Jeb jogged over, opened the driver’s door and slid inside.
‘Sure you don’t want to come along for the ride?’
‘I can think of pleasanter ways to commit suicide.’
‘Don’t jinx me.’ For the first time since they had sheltered in the art room Jeb looked nervous. He adjusted the rear-view mirror and fitted the key in the ignition. ‘You sit on your arse if you want. I’d rather take a chance than end up back inside.’
Magnus did not bother to contradict him. ‘Look.’ He pointed across the car park. ‘That’s our way out.’
The prison van was skewed across three spaces at the far end of the car park. It was long, with three small, high windows on either side, more like a large horsebox than a vehicle designed for ferrying men. Jeb complained that he didn’t have keys for it, that Magnus was making him lose time and that the van was ‘fucking impregnable’, but Magnus suspected that he was secretly relieved not to be facing a cordon of armed soldiers through the Mondeo’s wide windscreen.

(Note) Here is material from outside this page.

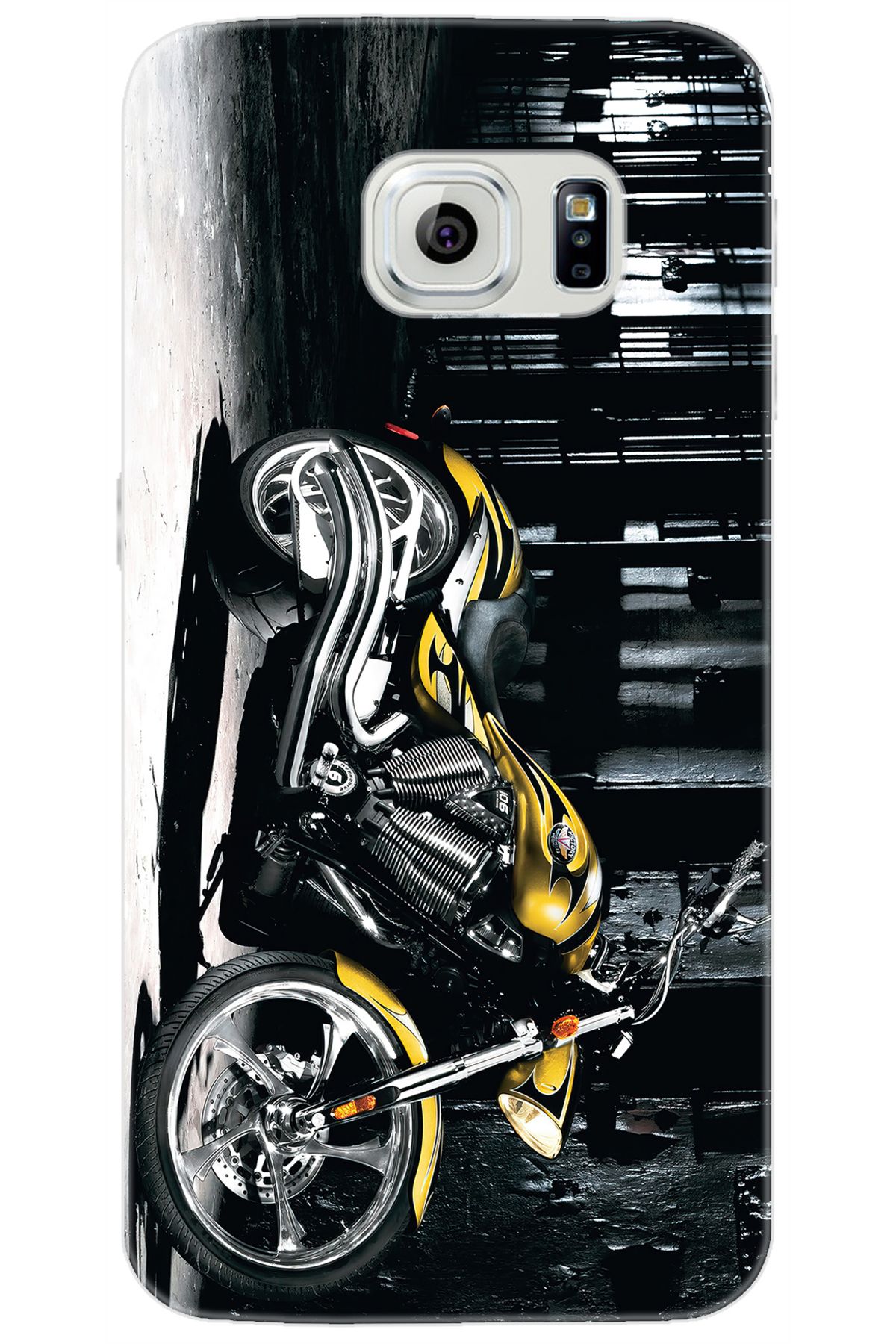 Ceppare Samsung Galaxy S6 (SM-G920F) Uyumlu Kılıf Desen Baskılı Silikon Motorcycle STK:297 CP-2GYfVkt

Magnus pulled at the back door to the van, but it was locked tight. He skirted round to the front passenger side and Jeb took the driver’s door. Magnus tried opening his side.
‘Fuck, it’s locked.’
Even as Magnus said the words he heard the door on the other side click open and the horror in Jeb’s voice.
‘Jesus Christ.’
It was impossible to know how long the prison guard had been slumped in the well of the driver’s seat. But these were the hottest days of summer and it had been long enough to bloat the man’s stomach and putrefy his flesh. Jeb held his bloodstained sleeve against his nose and mouth.
‘No way, man, I am not getting in there.’
Magnus thought he saw something moving on the guard’s swollen belly. He turned and retched, holding a hand over his mouth to muffle the sound. Bile stung the back of his throat. He breathed deeply, his hands on his knees bracing himself, and then straightened up, took off the brown hoodie and grabbed the dead man’s arm, using the cloth as a barrier between his flesh and the corpse’s.
The smell was worse than that of the Minke whale that had been beached when he was fourteen. A group of volunteers had tried for hours to get it back into the water but the beast’s radar was faulty, or perhaps it had been ill and wanted to die. Their efforts had failed. The next day he and Hugh had dared each other to climb up on its black mountain of a body. In the end they had done it together, the pair of them slipping and sliding until they reached its peak, standing triumphant until the gases in the whale had suddenly shifted, and they had tumbled off, laughing and swearing, sure that the creature had come back to life.
‘Worse than a whale’s fart,’ he muttered. The dead guard flopped to the ground and Magnus saw the white stuff wriggling in the rotting flesh more clearly. ‘Fuck, fuck, fuck.’ Swearing helped. He dragged the man to one side, wiped the seat with the brown hoodie and dropped it on to the man’s face. ‘Rest in Peace.’ The van’s keys were resting in the ignition. Magnus turned to where his cellmate was crouched. ‘Do you want to drive?’